Beginning at the line that holds "Defocused and blur of night scene", transcribe each line exactly through the end of the records, and leave any pictures out.

EXTRACTED INFORMATION START

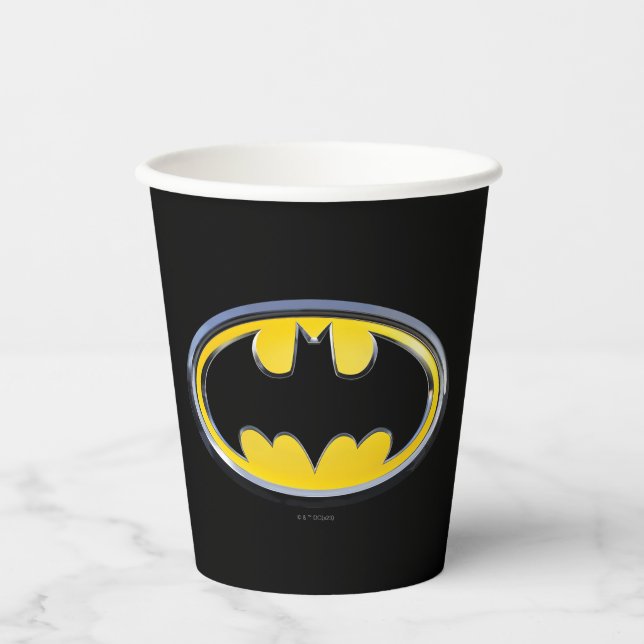 Batman Symbol | Klassisches Logo Pappbecher (Vorderseite)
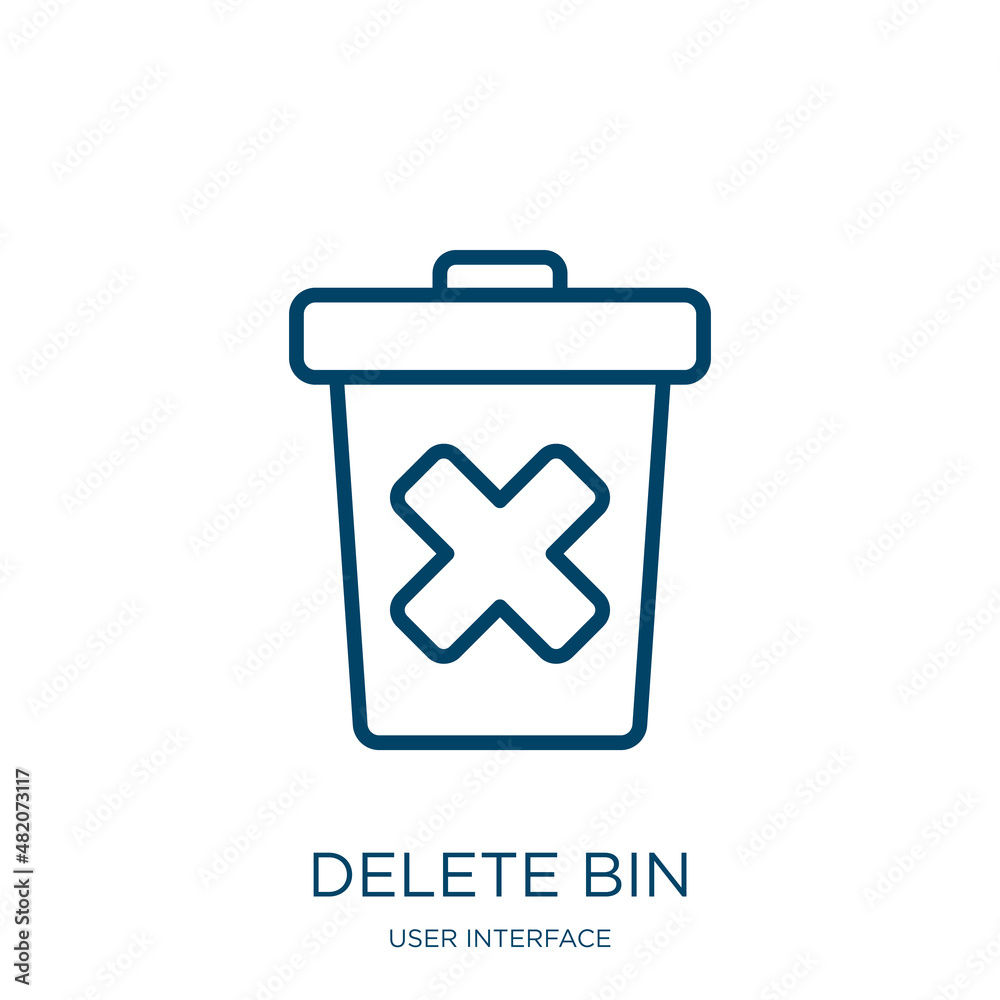 Poster delete bin icon from user interface collection. thin linear delete bin, container, bin outline icon 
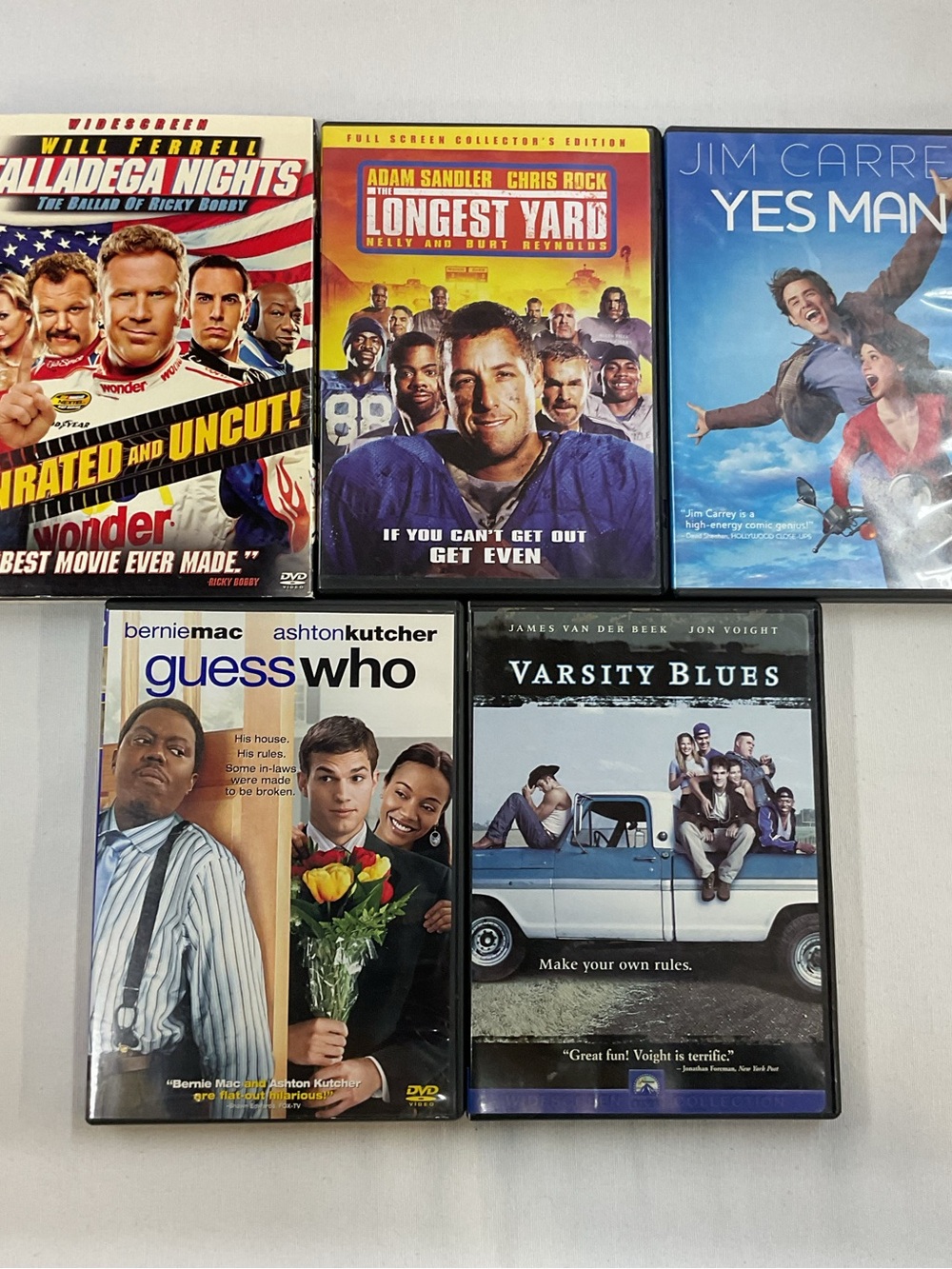 (5x Comedy Drama) Talladega Nights Longest Yard Yes Man Guess‎ Who Varsity Blues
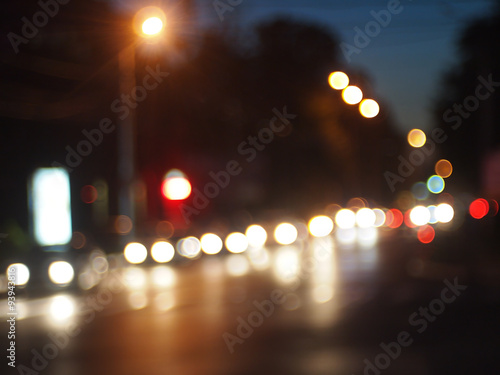 Defocused and blur of night scene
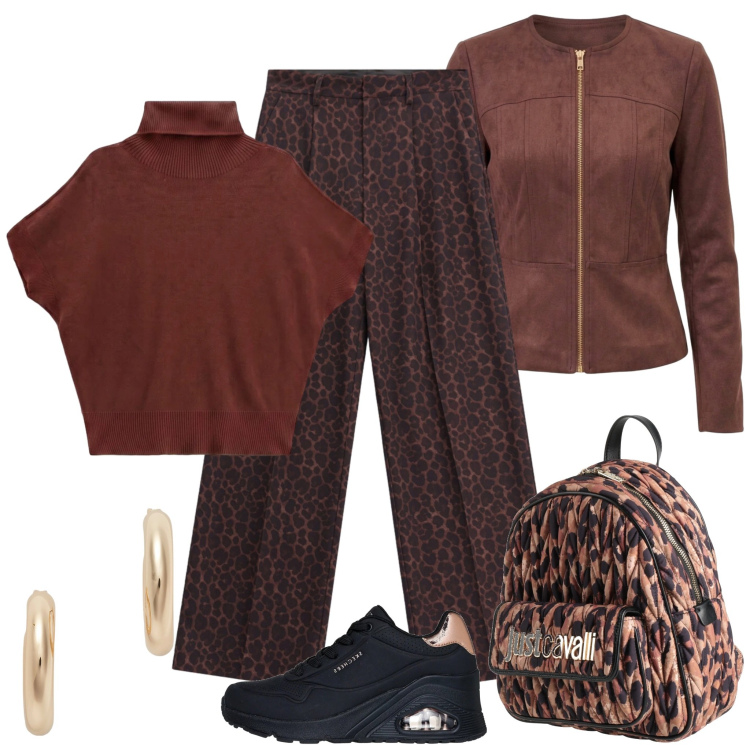 Outfit donna - Weekend al lago. Stile Casual per Tutti i giorni. Abbinamento con pantaloni a palazzo, pullovers, orecchini, blazer, zaini, sneakers.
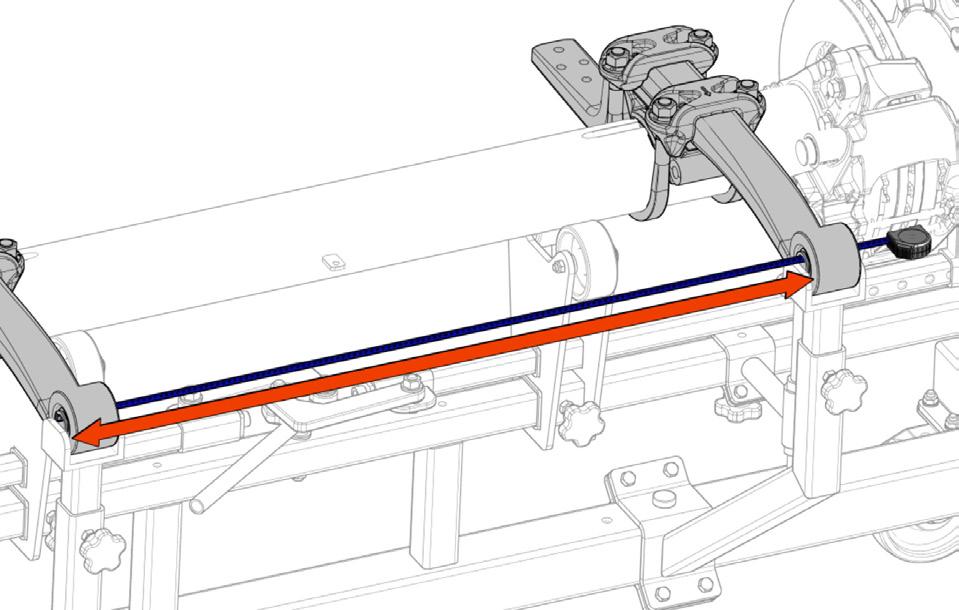 plates over the trailing arm Place the U-bolt plate with the long legs at the front and with the arrow pointing in the travel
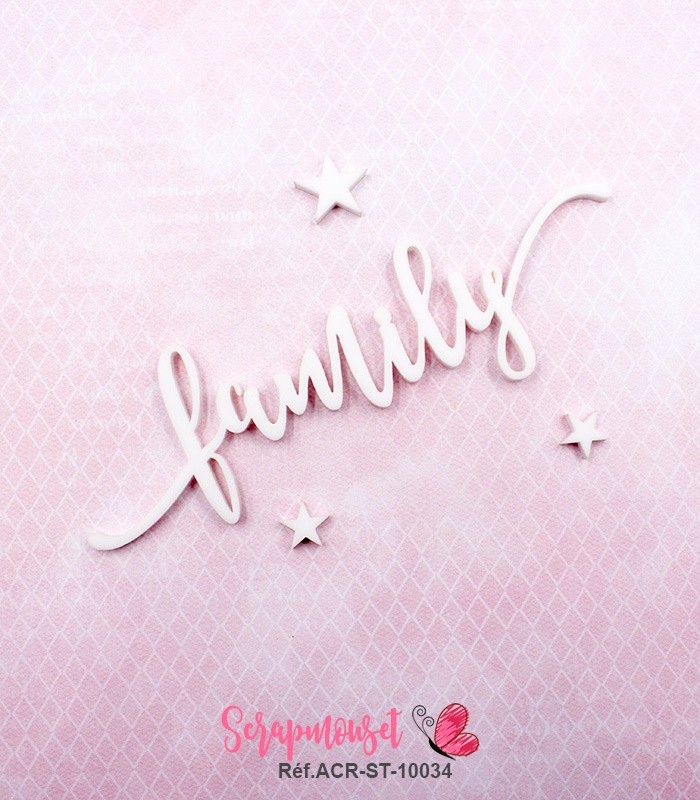 Mot family en Acrylique Blanc 11,7 x 3,5 cm SCRAPMOUSET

EXTRACTED INFORMATION END

* SOLUTION FOR THIS EXERCISE
 Defocused and blur of night scene
 Outfit donna - Weekend al lago. Stile Casual per Tutti i giorni. Abbinamento con pantaloni a palazzo, pullovers, orecchini, blazer, zaini, sneakers.
 plates over the trailing arm Place the U-bolt plate with the long legs at the front and with the arrow pointing in the travel
 Mot family en Acrylique Blanc 11,7 x 3,5 cm SCRAPMOUSET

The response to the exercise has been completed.